Por outro lado, há situações excepcionais em que uma pessoa é condenada e a sentença é transitada em julgado e descobre-se que houve um erro judicial e que a pessoa condenada não cometeu o crime ou porque não houve crime, ou porque o crime foi cometido por outra pessoa. Num e noutro caso, o bom nome e a reputação da pessoa, injustamente condenada, fica quase sempre irremediavelmente afectada e nem mesmo as possíveis indemnizações serão suficientes para compensar ou atenuar, consideravelmente, os danos provocados. Daí que um criminoso, que cumpre a sua pena, deve ser reinserido na sociedade.

4. Estatuto do Arguido

O arguido é um sujeito processual na fase de instrução preparatória que possui direitos e obrigações que a lei lhe confere. O seu estatuto, confere-lhe privilégios que outros intervenientes no processo não possuem. Assim, um arguido tem direito a não prestar declarações e a recusar responder a perguntas já que, como presumível culpado, age em sua própria defesa, coisa que uma testemunha não pode fazer, pois é obrigada a responder. O arguido tem direito a Advogado e pode recusar-se a falar sem a sua presença perante as autoridades, quer policiais quer do Ministério Público.
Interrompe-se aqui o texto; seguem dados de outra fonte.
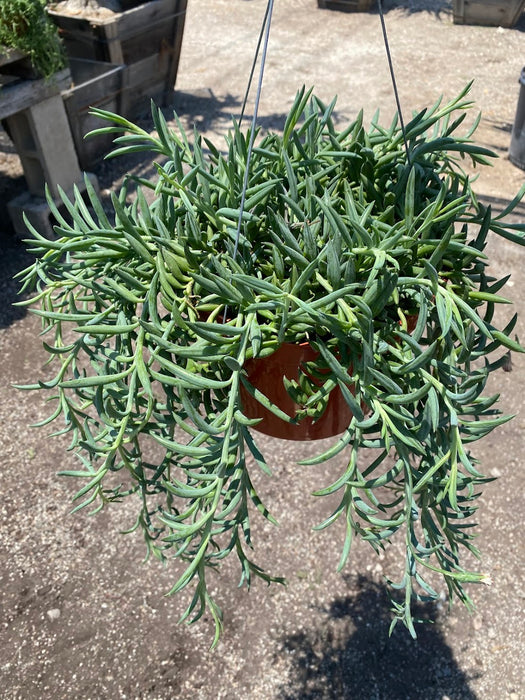 String of Fish Hooks Plant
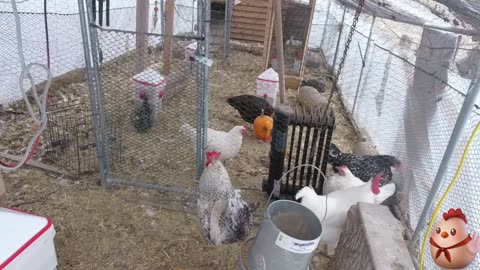 Chicken Live Stream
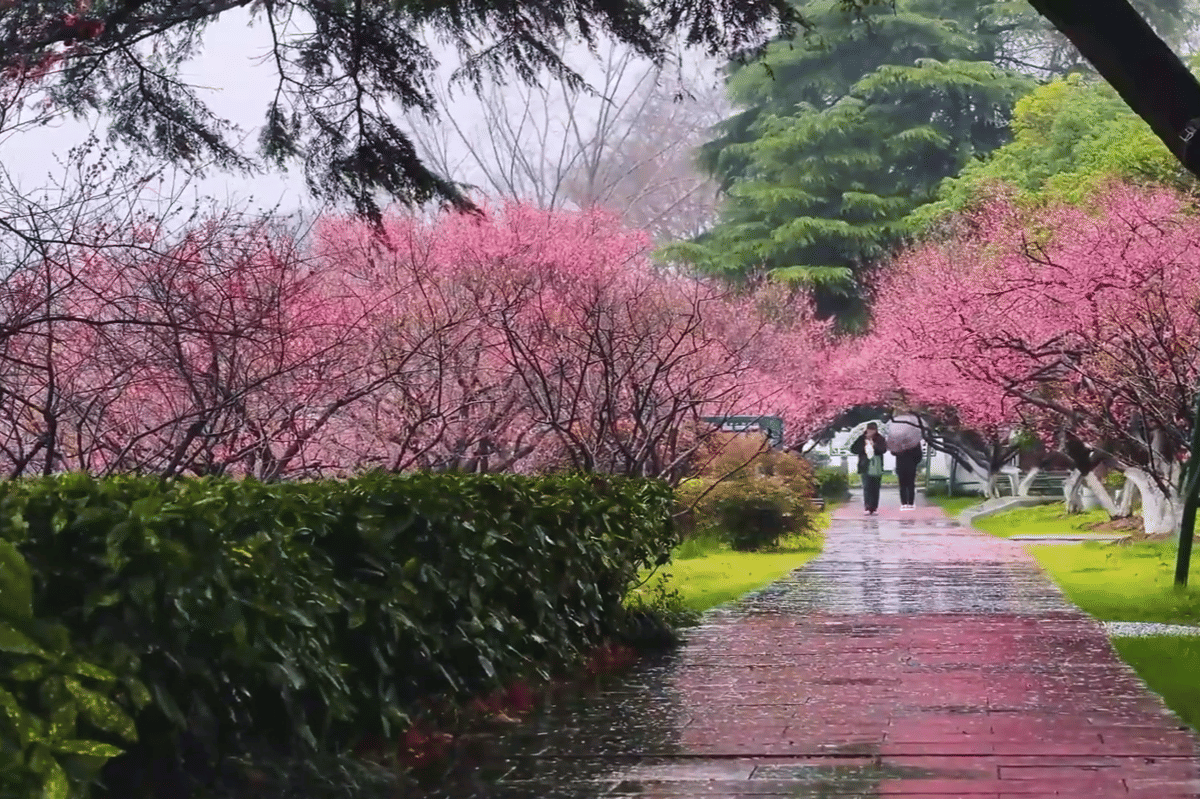 ilustrasi melihat sakura di danau Xuanwu di Nanjing China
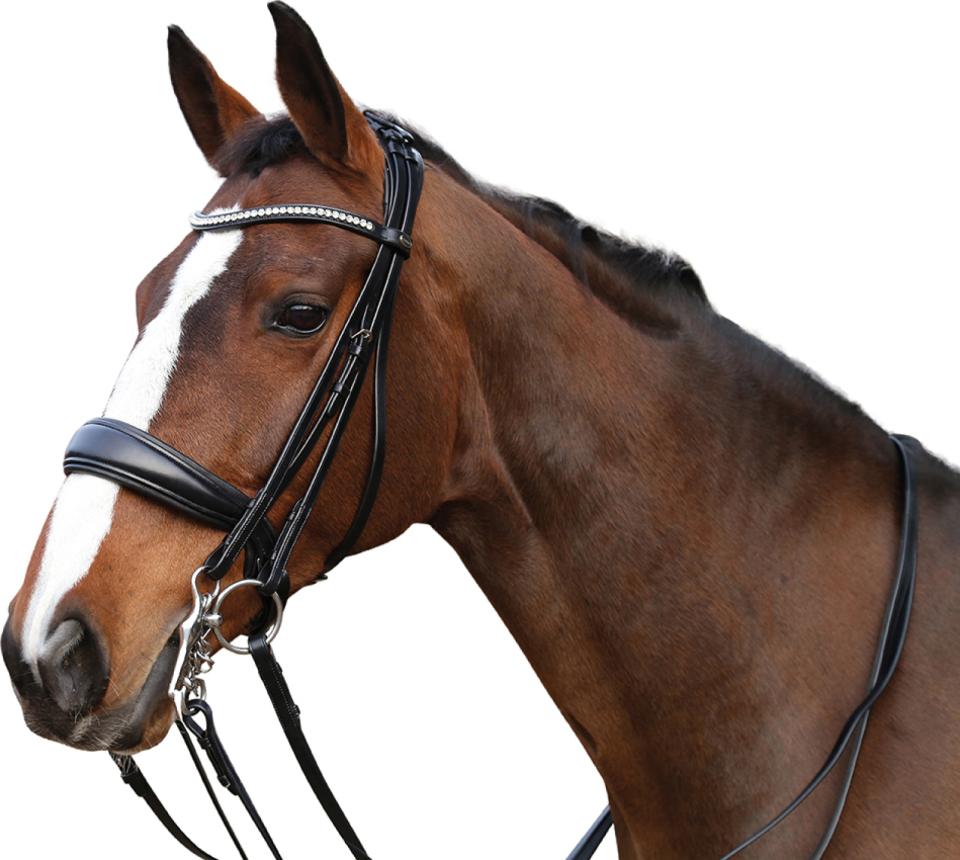 HorseGuard Ergo double bridle w/reins
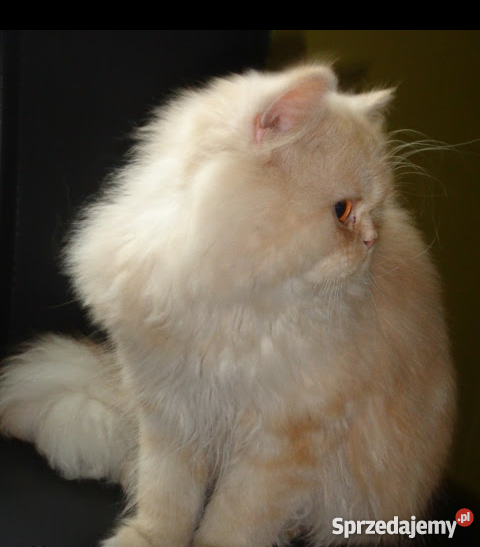 okazja oddam kotki Krasnystaw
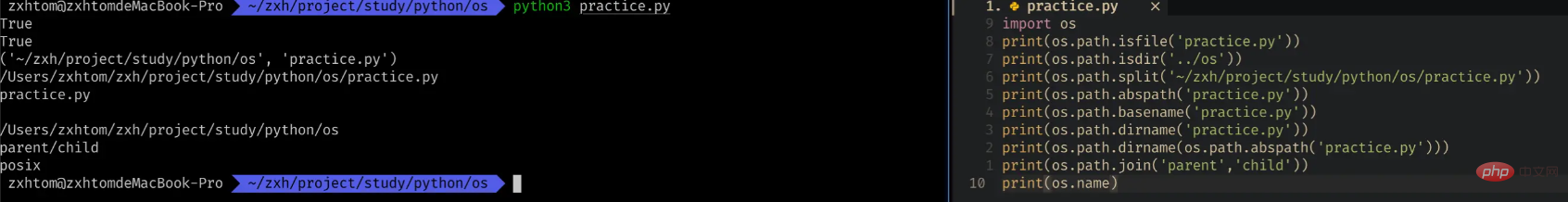 How does Pythons built-in module OS create a SHELL-side file processor?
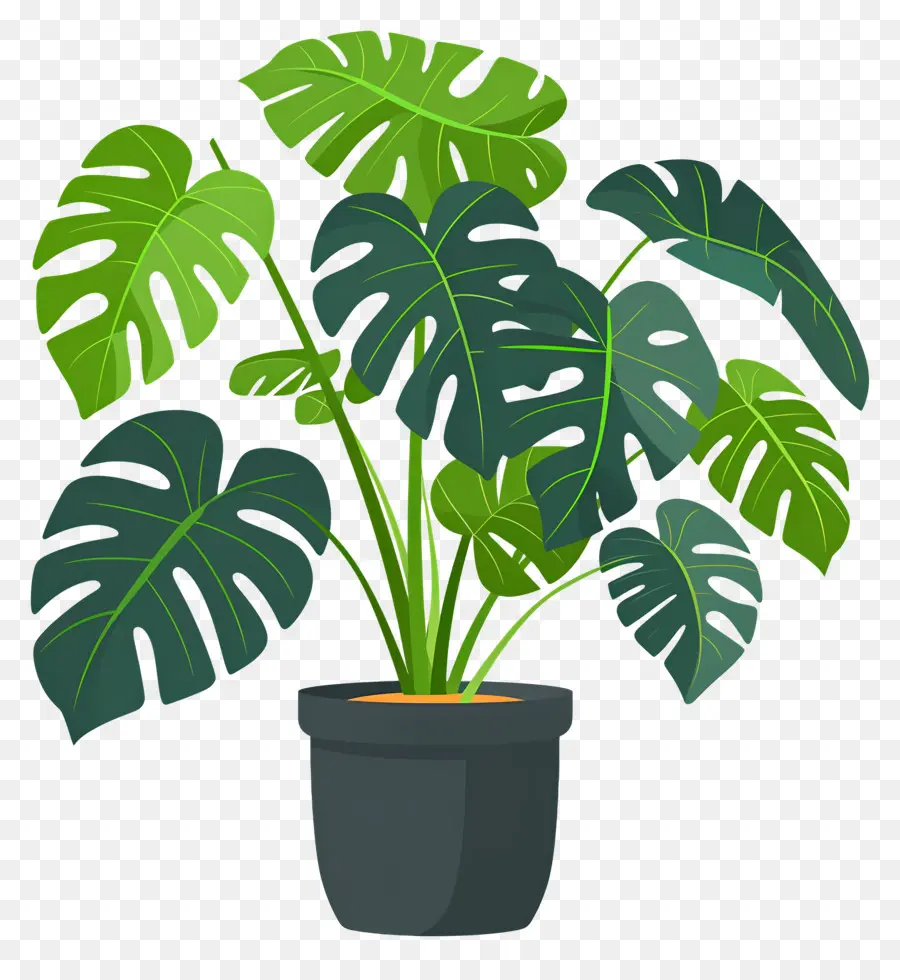 Plante Monstera，Plante En Pot PNG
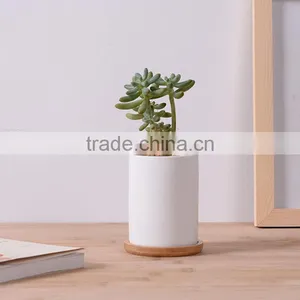 Indoor Small White Glazed Ceramic Teacup Planter Pot With Bamboo Tray thumbnail-1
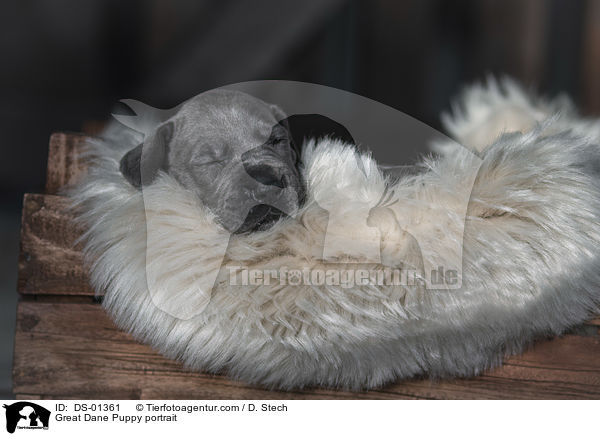 Deutsche Dogge Welpe Portrait / Great Dane Puppy portrait / DS-01361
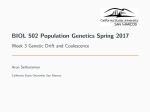 BIOL 502 Population Genetics Spring 2017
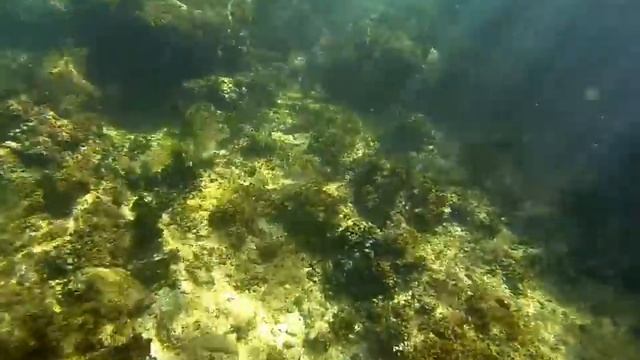GoPro] Scuba Diving in Armação de Pêra, Portugal смотреть онлайн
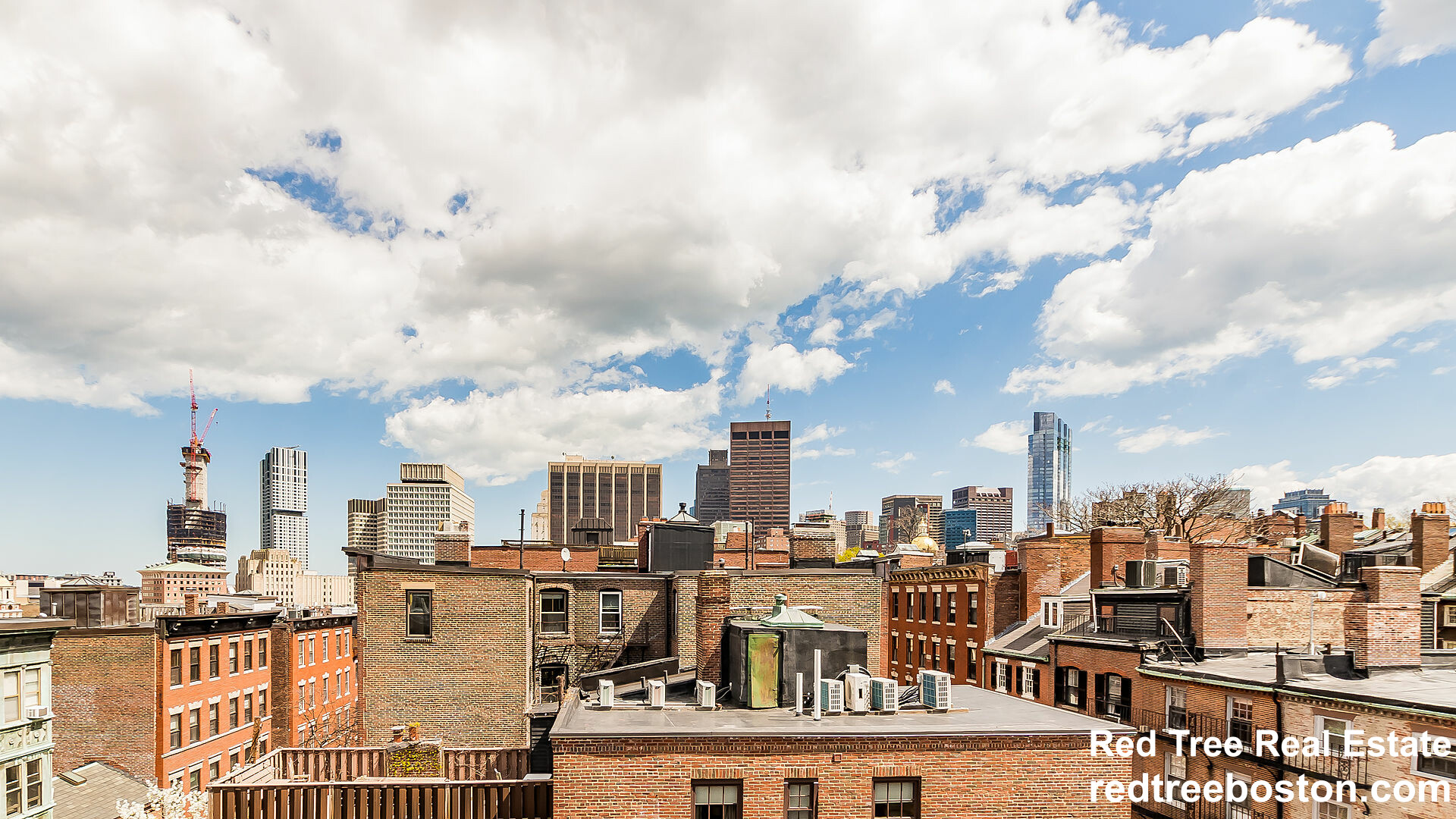 51 Anderson St, Beacon Hill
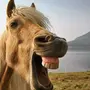 Лошадь Ржет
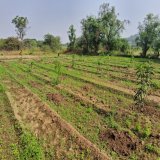 Embracing the joy of growth!  Excited to watch these small mango plants flourish into a majestic tree in the coming years.    #Dendrophile #Mangoes #Trees #NatureLove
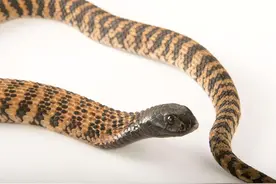 蛇中的“高产母猪”，毒液能射3米远，但它最后的保命手段是装死图片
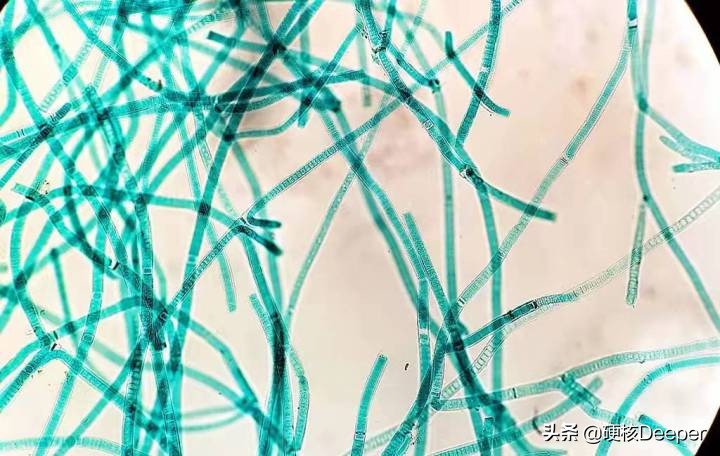 人类需要氮气的主要原因是什么,生物进化十大诡异现象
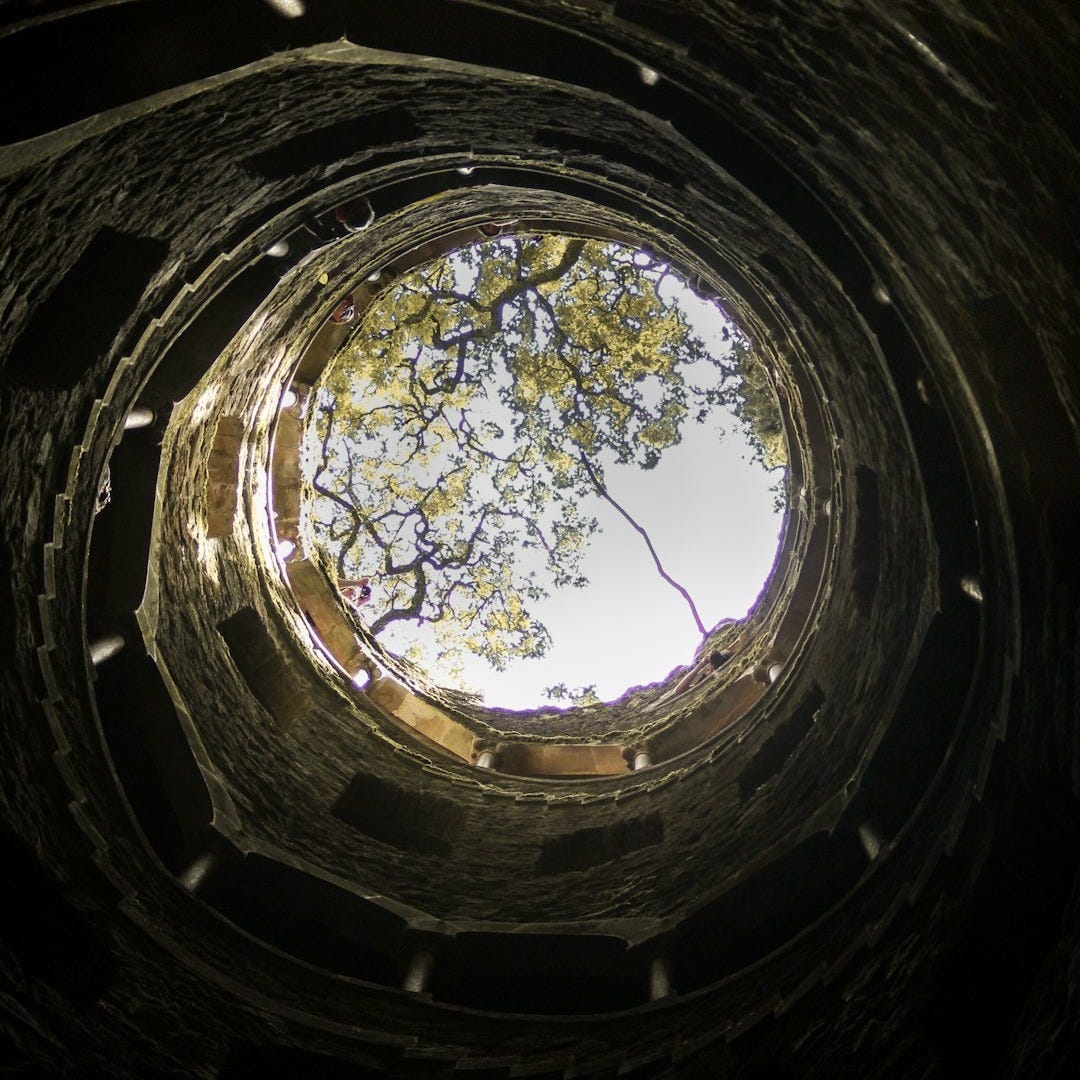 low angle photography of tree in tunnel low angle photography of tree in tunnel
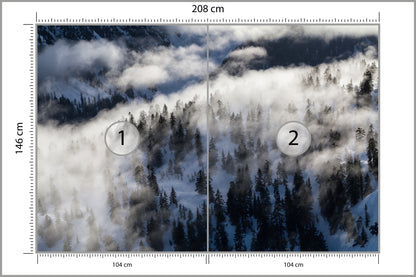 Fototapeta Las We Mgle Zimą Z Lotu Ptaka 208 × 146 cm – podgląd kadru
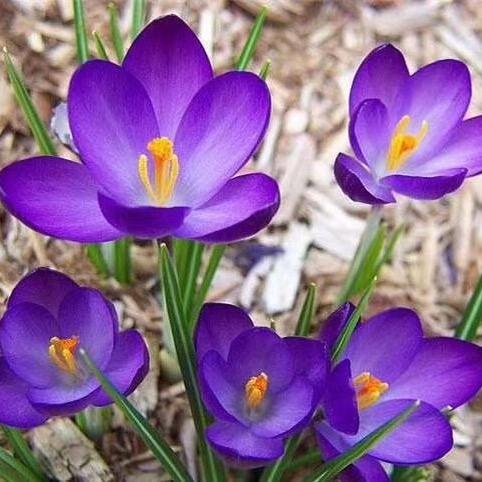 ☘️小幸运☘️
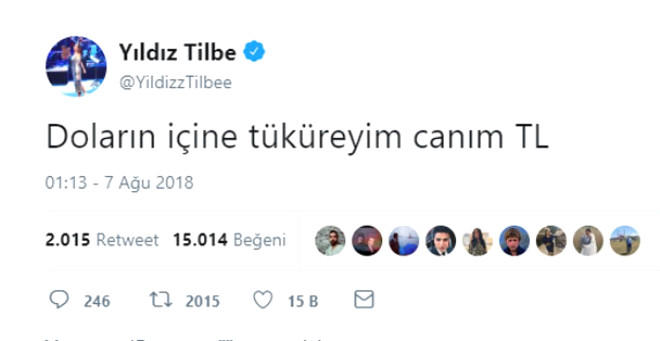 Yıldız Tilbe'den, Twitter'ı Sallayan Dolar Tweetleri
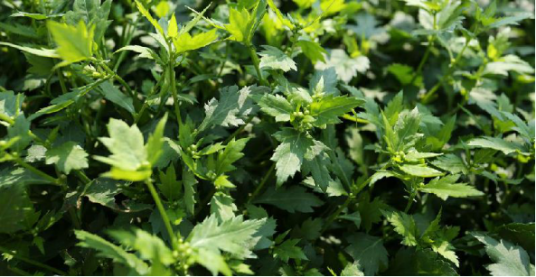 菊花脑（中药）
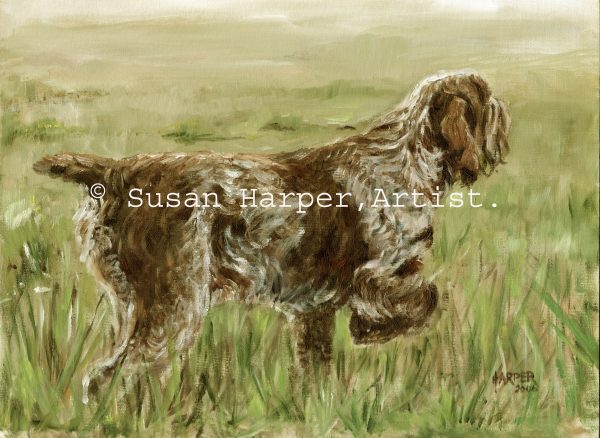 copyright italian spinone 11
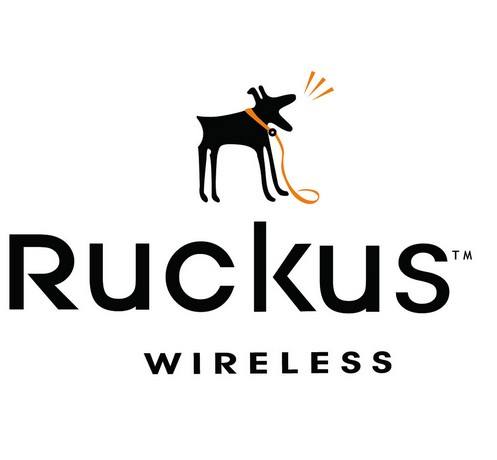 RUCKUS Wireless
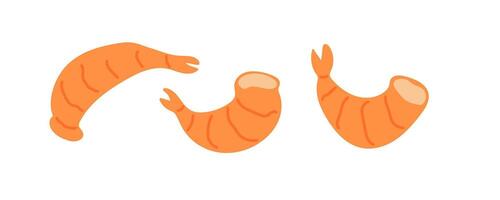 Different forms of shrimp displayed in a colorful flat design style vector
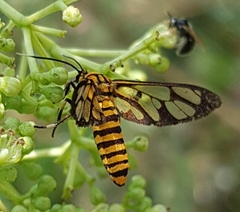 Amata polymita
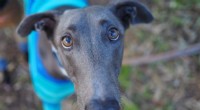 Greyhound Breeding in Australia: Ethical Concerns & Procedure Overview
A testemunha, por exemplo, não tem esse privilégio. Por isso, na doutrina e no direito comparado, o estatuto do arguido é visto como a consagração da verdade material, dito de outro modo, é a legitimidade que o tribunal tem de levar à Justiça, por via da investigação criminal , todas as provas consideradas importantes à formação do juízo de valor; condenando ou inocentando o arguido/réu. A partir do momento que um pessoa é constituída arguida num processo de investigação criminal, fase de instrução preparatória, onde se recolhe provas para formular-se a devida acusação, há um conjunto de medidas cautelares que podem ser aplicadas ao arguido, nos termos da Lei.25/15 de 18 de Setembro, que são: detenção (artigo 4º); as medidas de coação pessoal (artigo 16º) e as medidas de garantia patrimonial (artigo 43º).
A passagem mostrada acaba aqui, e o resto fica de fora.